Hit up the river today after class for a couple hours with Mitch, Caleb, & Taylor. I was throwing the fly rod the whole time & ended up hooking into some fun fish, one of which was a fat largemouth. She was bleeding really badly because she swallowed my fly, so we decided to keep her, although I generally don't ever keep bass. In Wisconsin, where I'm from, it's just normal practice to release them. Upon cleaning her I saw that she was full of eggs, which brings me to this question - when do largemouth start spawning here? Where I'm from in Wisconsin it's not until May-ish, but I'm guessing it's earlier here? Anyways, back to fishing. We hit a few more spots that produced some fish, though nothing substantial. Caleb did end up landing a fat 12'' crappie on a small spinnerbait, which was pretty cool. He went home for dinner too! Beautiful afternoon on the water with some great friends - can't beat that!

*Tally for the day:*

*Caleb:* Fat 12'' crappie
*Me:* Tiny pickerel & a fat 15.5'' largemouth
*Taylor:* Nada
*Mitch: *Zip

Tight lines everyone.


----------



## ThaFish (Feb 27, 2013)

Oh, & that photo of Mitch is of him taking a break from fishing to cut his toenails. Nothing odd about that, right?


----------



## stc1993 (Nov 23, 2014)

That's the best time to cut 'em after you been in the water awhile.


----------



## CatHunter (Dec 31, 2008)

Nice fish. They wont spawn until Mid to late March. However females will start building egg sacks in Midwinter. In most cases all fish do this. They grow their eggs for several months before actually spawning..


----------



## stauty trout (Jul 19, 2012)

CatHunter said:


> Nice fish. They wont spawn until Mid to late March. However females will start building egg sacks in Midwinter. In most cases all fish do this. They grow their eggs for several months before actually spawning..
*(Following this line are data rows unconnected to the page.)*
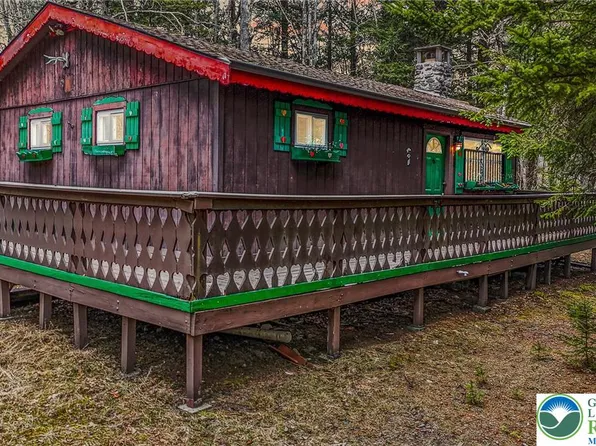 5211 Fir Ln, Pocono Summit, PA 18346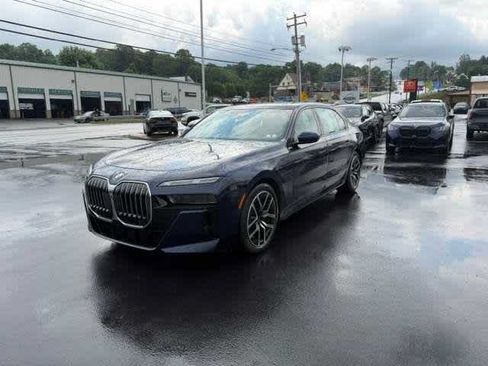 Used 2023 BMW 760i xDrive w/ Executive Package AWD/4WD image 3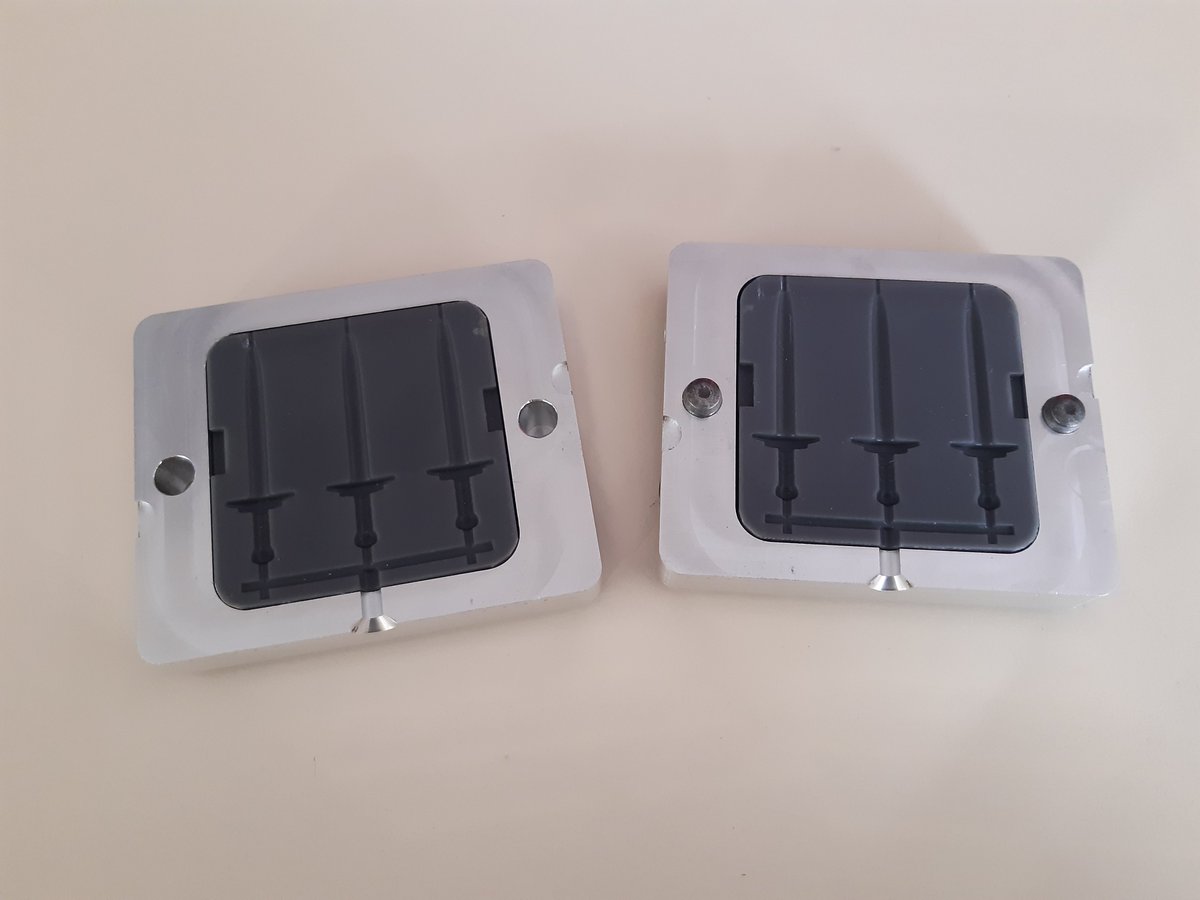 Grace a cette merveille, nous avons pu réaliser un moule pour des épée Playmobil(R) pour l'injection plastique CC <a href="/HoliMaker/">HoliMaker</a> (bon ok, petit problème : le canal est trop fin, du coup les deux épée extérieures ne sont pas alimentées correctement)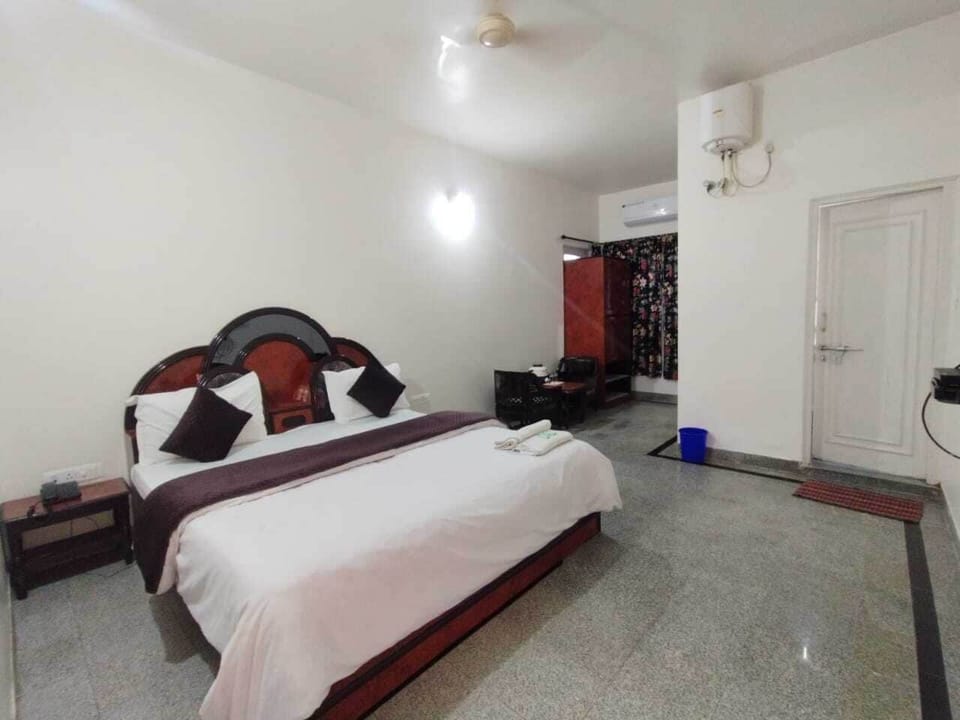 Deluxe Double Room | Free WiFi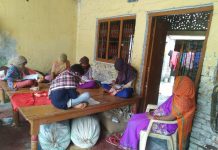 पूर्व माध्यमिक विद्यालय के बच्चे भी पढ़ रहे ऑनलाइन पढ़ाई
All depends on the weather...


----------



## Jeffbro999#2 (Feb 17, 2014)

Nice work guys, the river is always a lot of fun with all the species that live there. It all depends on the weather when the bass start spawning around here. Last year on Seminole we had a warming trend in December and the fish went into prespawn and were spawning in early January. The big wave didn't come up until mid February though which is usually when it all begins. We caught some solid prespawn fish in early January this year also, haven't seen any spawning yet though.


----------



## CatHunter (Dec 31, 2008)

Some fish will carry eggs all year long even if they never spawn.


----------



## jonscott8 (Jan 18, 2015)

So bull reds at night, followed by crappie & bass on the river, followed by specs at sunset...and its not even Saturday yet? Congrats young man, you are living the good life. :thumbup:


----------



## ThaFish (Feb 27, 2013)

jonscott8 said:


> So bull reds at night, followed by crappie & bass on the river, followed by specs at sunset...and its not even Saturday yet? Congrats young man, you are living the good life. :thumbup:


Just wait till you see my report from last night. Just got back to my apartment. Mitch & I hit 3 Mile with the yaks again & tangled with some more bulls. 

Glad you enjoy the reports man!


----------